広島県尾道市に計画中の専用住宅である。 300㍍足らずの尾道水道沿岸路より一本山手側、民家が密集した路地にその敷地は存在する。 わずか5坪の敷地に雑木の庭を配し、道路との境界壁がスケルトンの箱を抱く。 白いコンクリートの壁面から小さな庭に面して視界が開かれ、天空より光を取り込む。 雑木の織り成す陰影が居室に奥行を生み、内外が程好く融合する感を得る事が出来る。 そこには四季の移ろいが存在し、自然と一体になる心地良さをもたらす。  

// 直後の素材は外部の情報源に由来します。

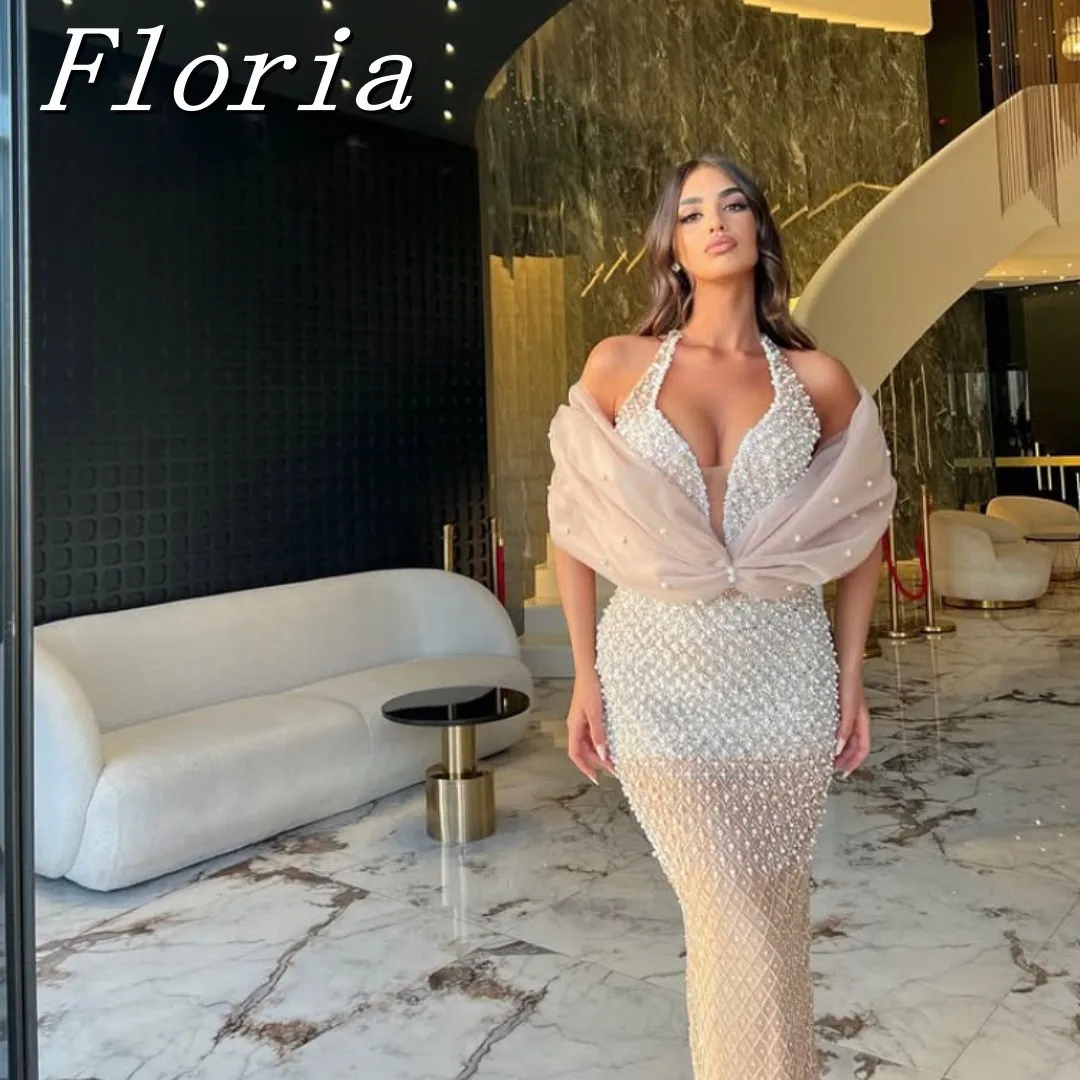

Luxury Pearls Evening Dresses Sexy Halter Formal Occasion Dress Birthday Party Night Gowns Vestidos De Cóctel Customized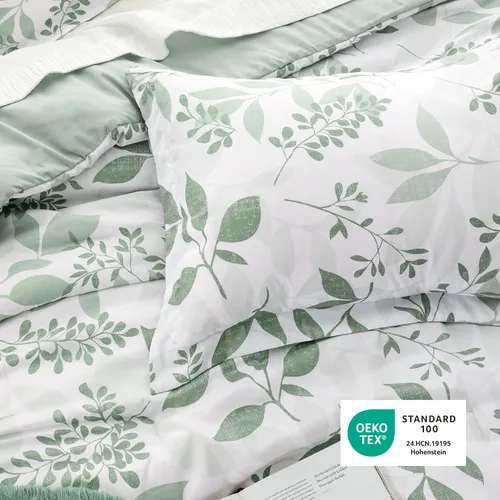 Miniatura 5 de Bedsure - Juego de edredón tamaño King, juego de ropa de cama floral lindo, 3 piezas, 1 edredón reversible suave verde salvia con flores botánicas
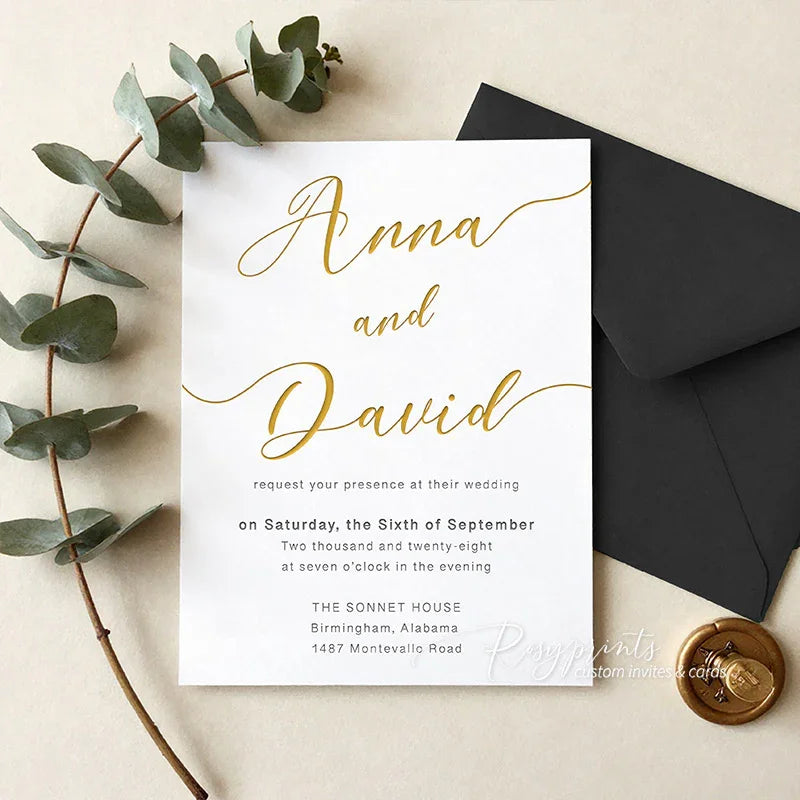 minimalist modern simple letterpress wedding invitations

今回のプロジェクトは狭小敷地のみならず、多様な環境地における汎用性を高める事への挑戦である。 豊かさという点において、自然物の取込もこの場合必然であると考えた。  このプロジェクトの名称である「尾道アーティキュレーション」とは、この地が持つ趣を表現している。  尾道三山に鎮座する多くの寺社は、山肌を彩る樹木や民家と混在する。 海と山の挟の宝箱のような小さな街。 いく筋もの路地に人々の日常があり、新旧の文化が鼓動している。 小さな街~されど懐の深い街。 能動的なこの街には 「 意思を持った建物 」 がよく似合うと思われる。